(WHAT THE EXERCISE ASKS):
Leave out the pictures and return every entry exactly as it appears.

########

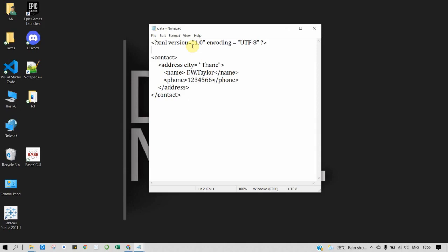The syntax of prologue is: first we declare the version of XML which we are using. Here we are using version 1.0, then the encoding. By default, XML uses UTF-8 for encoding. You can also use UTF-16.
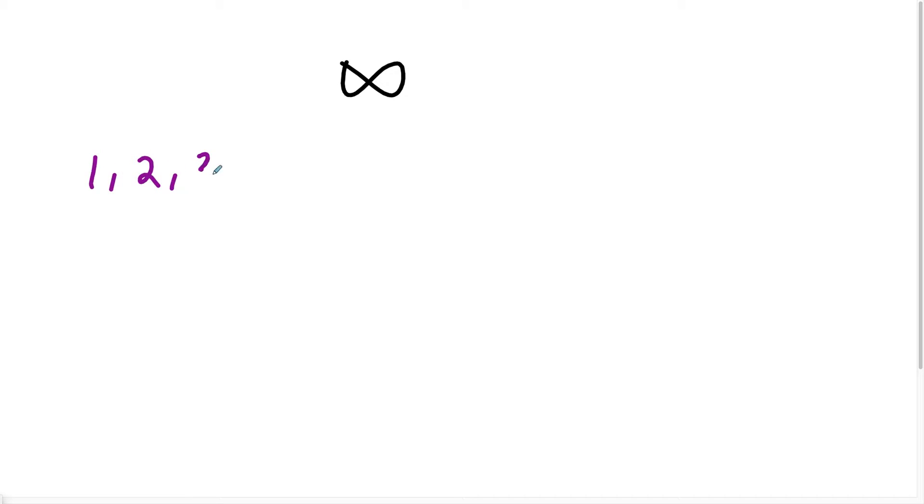So they imagine you just keep counting. Let's say I get to four, but I just keep skipping. Eventually I hit 105. I just keep going.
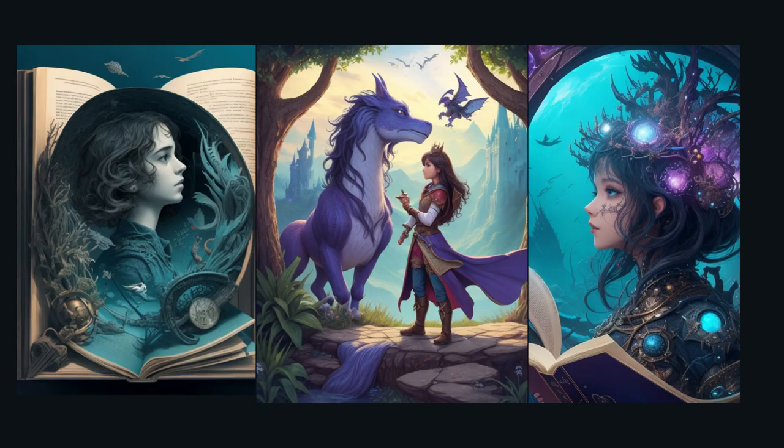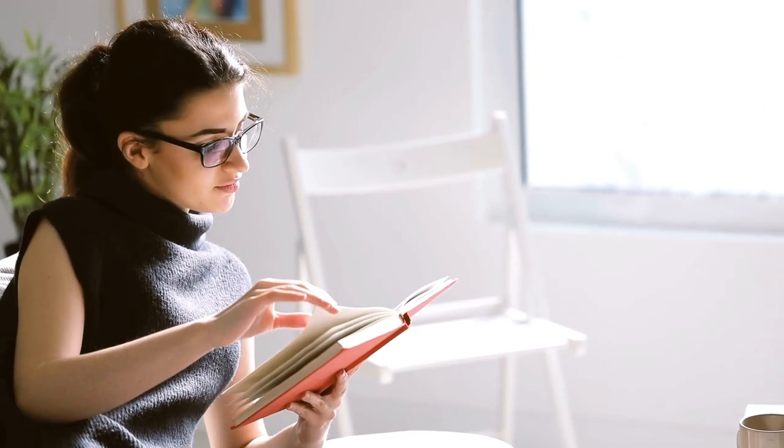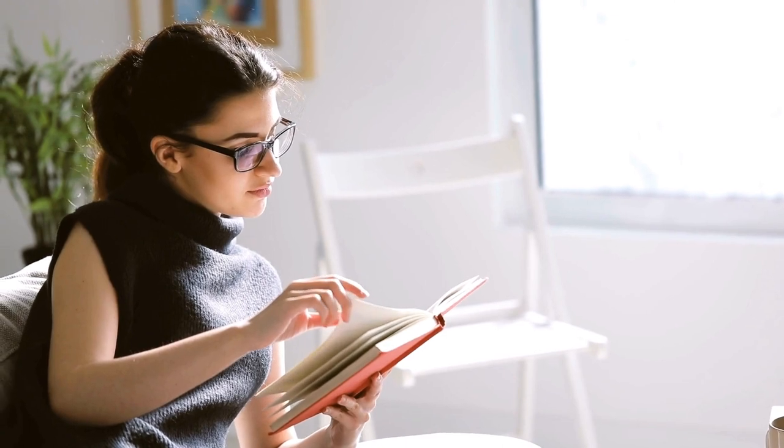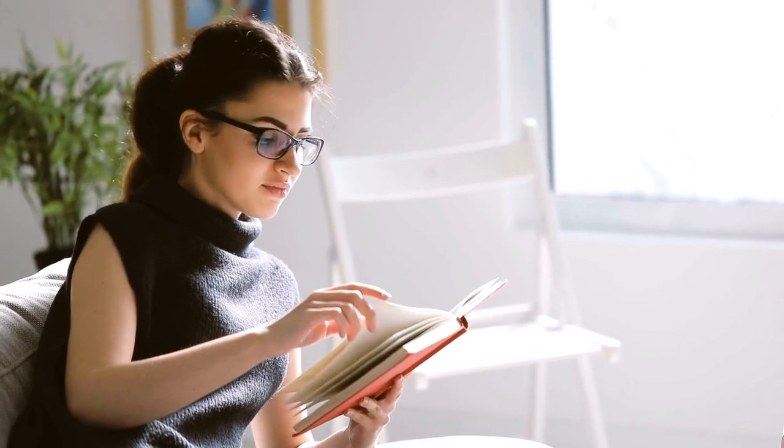1. Understand the genre. Different genres have different conventions and structures. Understanding the genre of the book will help you anticipate its design and themes.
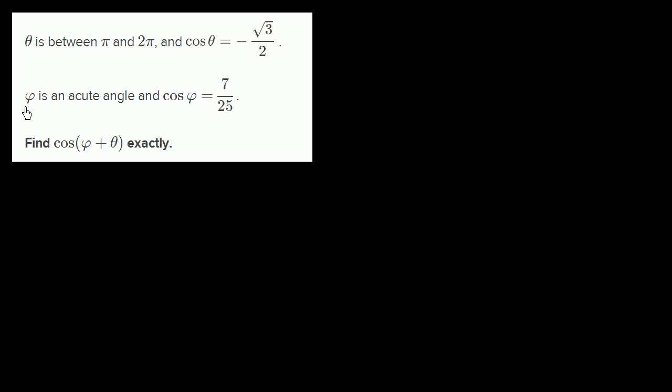We're told theta is between pi and 2 pi, and cosine of theta is equal to negative square root of 3 over 2. Phi is a positive acute angle, and cosine of phi is equal to 7/25. Find cosine of phi plus theta exactly — essentially, can we figure it out without a calculator?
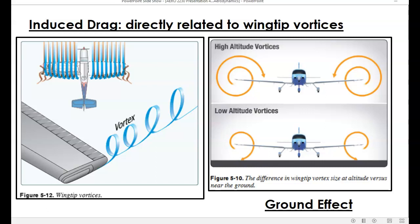When an airplane enters ground effect — defined as when an airplane is one wingspan above the ground — ground effect interferes with the wing tip vortices. Since wing tip vortices create induced drag, when the aircraft enters ground effect and those vortices are interfered with, induced drag is reduced and the airplane flies better. That's why ground effect actually causes an airplane to fly better — it's the interference of the ground with the wing tip vortices.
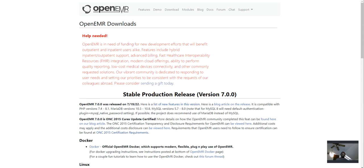And here we go. Thank you guys for tuning in. This video is going to be about how to install OpenEMR.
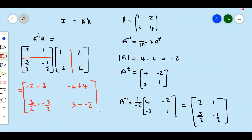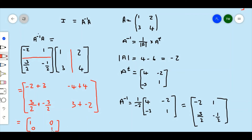All we need to do is simplify this. Our final answer is going to be: negative 2 plus 3 equals 1; negative 4 plus 4 equals 0; three-halves plus negative three-halves equals 0; and 3 plus negative 2 equals 1. So therefore the answer is 1 0 / 0 1, and we know that 1 0 / 0 1 is the identity matrix for a 2 by 2 matrix.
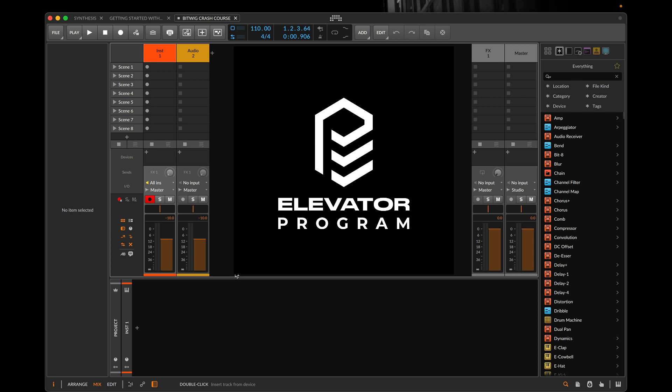Over the course of this module we will be exploring the Bitwig ecosystem and how we can apply the Elevator Programme philosophy on electronic music production, workflow and creativity to get the best results in the quickest time possible.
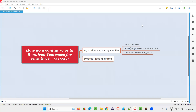Hello all, welcome to this session. In this session, I'm going to answer one of the Selenium interview questions. That is, how do you configure only required test cases for running in TestNG?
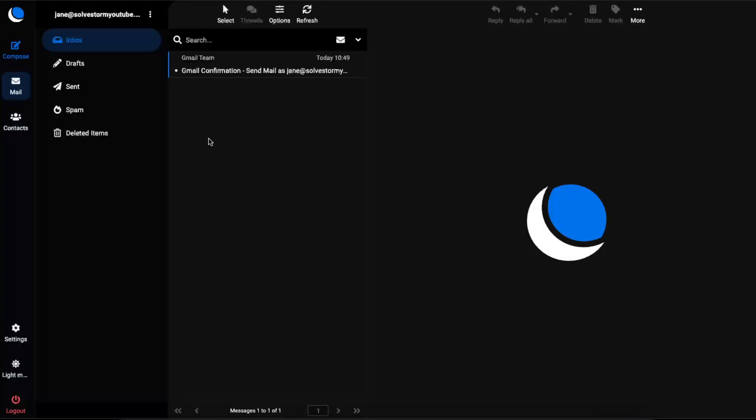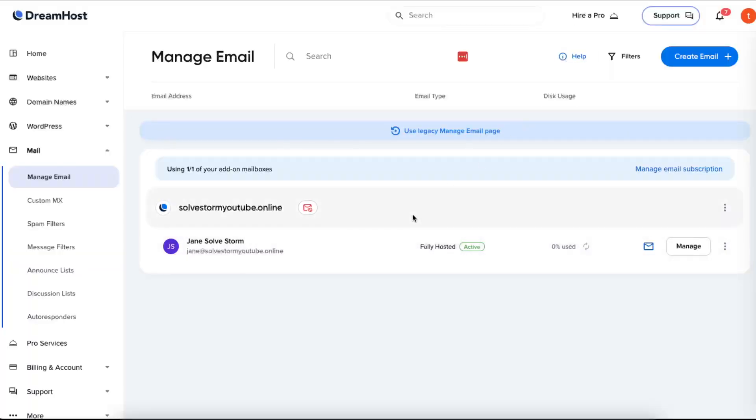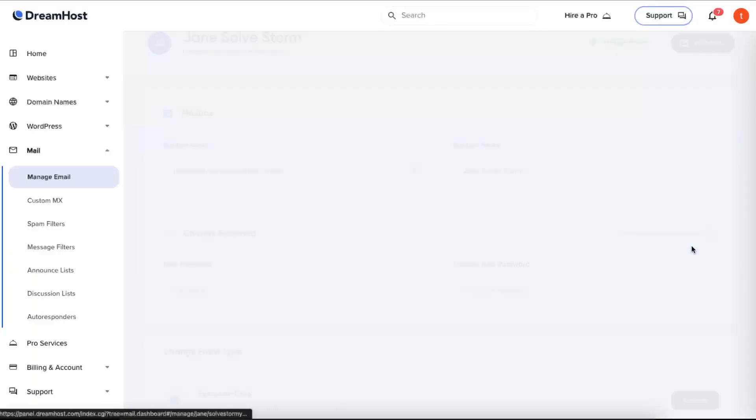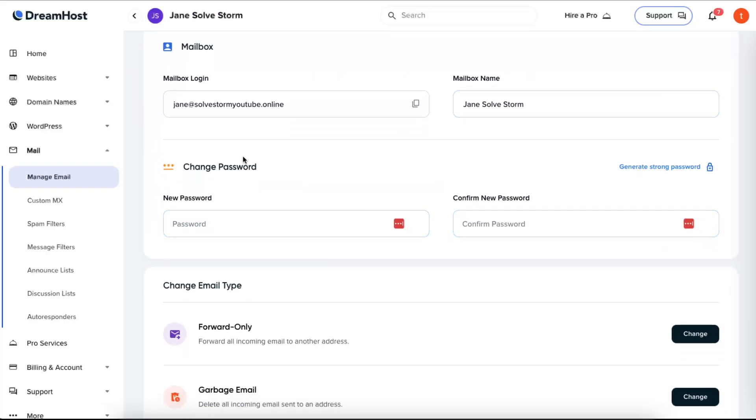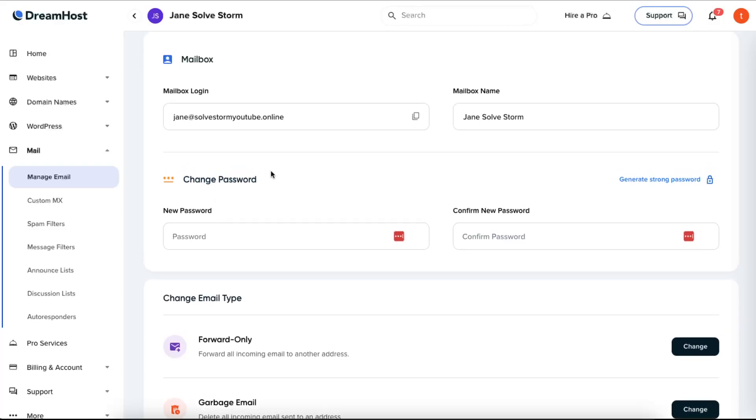After that, if you want to change this webmail password, you will need to go back to DreamHost and just click Manage. After that, you will be able to see your login name and here you can just change your password.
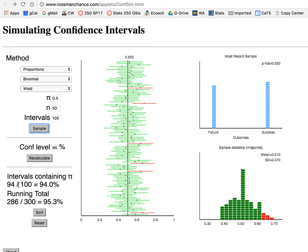You're asked in the pre-lab to change the sample size, to change your confidence level, observe what happens, and write up a sentence or two about that. Have fun playing with this applet.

########

(ANSWER SECTION):
The syntax of prologue is: first we declare the version of XML which we are using. Here we are using version 1.0, then the encoding. By default, XML uses UTF-8 for encoding. You can also use UTF-16.
So they imagine you just keep counting. Let's say I get to four, but I just keep skipping. Eventually I hit 105. I just keep going.
1. Understand the genre. Different genres have different conventions and structures. Understanding the genre of the book will help you anticipate its design and themes.
We're told theta is between pi and 2 pi, and cosine of theta is equal to negative square root of 3 over 2. Phi is a positive acute angle, and cosine of phi is equal to 7/25. Find cosine of phi plus theta exactly — essentially, can we figure it out without a calculator?
When an airplane enters ground effect — defined as when an airplane is one wingspan above the ground — ground effect interferes with the wing tip vortices. Since wing tip vortices create induced drag, when the aircraft enters ground effect and those vortices are interfered with, induced drag is reduced and the airplane flies better. That's why ground effect actually causes an airplane to fly better — it's the interference of the ground with the wing tip vortices.
And here we go. Thank you guys for tuning in. This video is going to be about how to install OpenEMR.
All we need to do is simplify this. Our final answer is going to be: negative 2 plus 3 equals 1; negative 4 plus 4 equals 0; three-halves plus negative three-halves equals 0; and 3 plus negative 2 equals 1. So therefore the answer is 1 0 / 0 1, and we know that 1 0 / 0 1 is the identity matrix for a 2 by 2 matrix.
Over the course of this module we will be exploring the Bitwig ecosystem and how we can apply the Elevator Programme philosophy on electronic music production, workflow and creativity to get the best results in the quickest time possible.
Hello all, welcome to this session. In this session, I'm going to answer one of the Selenium interview questions. That is, how do you configure only required test cases for running in TestNG?
After that, if you want to change this webmail password, you will need to go back to DreamHost and just click Manage. After that, you will be able to see your login name and here you can just change your password.
You're asked in the pre-lab to change the sample size, to change your confidence level, observe what happens, and write up a sentence or two about that. Have fun playing with this applet.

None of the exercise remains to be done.